Re: [PATCH 35/40] fscache: convert object to use workqueue instead of slow-work

From: David Howells
Date: Tue Feb 16 2010 - 13:08:58 EST


Tejun Heo <tj@xxxxxxxxxx> wrote:

> That doesn't necessarily mean it would be the best solution under
> different circumstances, right? I'm still quite unfamiliar with the
> facache code and assumptions about workload in there.

Timeouts, you mean? What you can end up doing is accruing timeouts as you go
through ops looking for one that you can process now. Even the yield mechanism
I've come up with isn't perfect.

> So, you're saying...
>
> * There can be a lot of concurrent shallow dependency chains, so
> deadlocks can't realistically avoided by allowing larger number of
> theads in the pool.

Yes. As long as you can queue one more op than you can have threads, you can
get deadlock between the queue and the threads.

> * Such occurrences would be common enough that the 'yield' path would
> be essential in keeping the operation going smooth.

I've seen them a few times, usually under high pressure. I've got some evil
test cases that try to read a few thousand sequences of files simultaneously.

> One problem I have with the slow work yield-on-queue mechanism is that
> it may fit fscache well but generally doesn't make much sense.
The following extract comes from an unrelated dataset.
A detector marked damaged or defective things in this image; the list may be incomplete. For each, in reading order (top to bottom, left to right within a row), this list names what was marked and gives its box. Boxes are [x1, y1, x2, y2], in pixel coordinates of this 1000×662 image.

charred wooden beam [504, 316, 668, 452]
What
> would make more sense would be yield-under-pressure (ie. thread limit
> reached or about to be reached and new work queued). Would that work
> for fscache?

I'm not sure what you mean. Slow-work does do yield-under-pressure.
slow_work_sleep_till_thread_needed() adds the waiting object to a waitqueue by
which it can be interrupted by slow-work when slow-work wants its thread back.
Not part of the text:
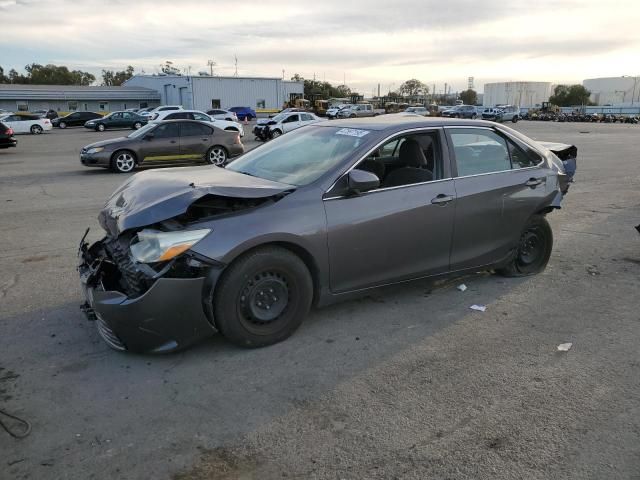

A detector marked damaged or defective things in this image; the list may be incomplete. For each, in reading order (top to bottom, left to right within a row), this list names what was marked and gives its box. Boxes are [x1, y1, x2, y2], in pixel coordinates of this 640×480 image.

crumpled front end [78, 232, 219, 352]
rear damage [77, 169, 296, 352]
damaged gray sedan [77, 117, 576, 352]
If the object execution is busy doing something rather than waiting around,
there's no reason to yield the thread back.

> It might but I wasn't sure whether this could actually be a problem
> for what fscache is doing. Again, I just don't know what kind of
> workload the code is expecting. The reason why I thought it might not
> was because the default concurrency level was low.

You can end up serialising together all the I/O being done by NFS, AFS and
anything else using FS-Cache.

> Alright, so it can be very high. This is slightly off topic but isn't
> the know a bit too low level to export? It will adjust concurrency
> level of the whole slow-work facility which can be used by any number
> of users.

'The know'?

One thing I was trying to do was avoid the workqueue problem of having a static
pool of threads per workqueue. As CPU counts go up, that starts eating some
serious resources. What I was trying for was one pool that was dynamically
sized.

Tuning such a pool is tricky, however; you have a set of conflicting usage
patterns - hence the two thread priorities (slow and very slow).

> As the handlers are running asynchronously, for a lot of cases, they
> require some form of synchronization anyway and that usually seems to
> take care of the reentrance issue together. But, yeah, it definitely
> is possible that there are undiscovered buggy cases.

What I'm trying to avoid is having several threads all trying to execute the
same object. This is a more extreme problem in AF_RXRPC as there are more
events to deal with, and it can tie up all the threads in the pool quite
easily.

> BTW, if we solve the yielding problem (I think we can retain the
> original behavior by implementing it inside fscache) and the
> reentrance issue, do you see any other obstacles in switching to cmwq?

I don't think so. I'm not sure how you retain the original yield behaviour by
doing it inside FS-Cache - slow-work knows about the congestion, not FS-Cache.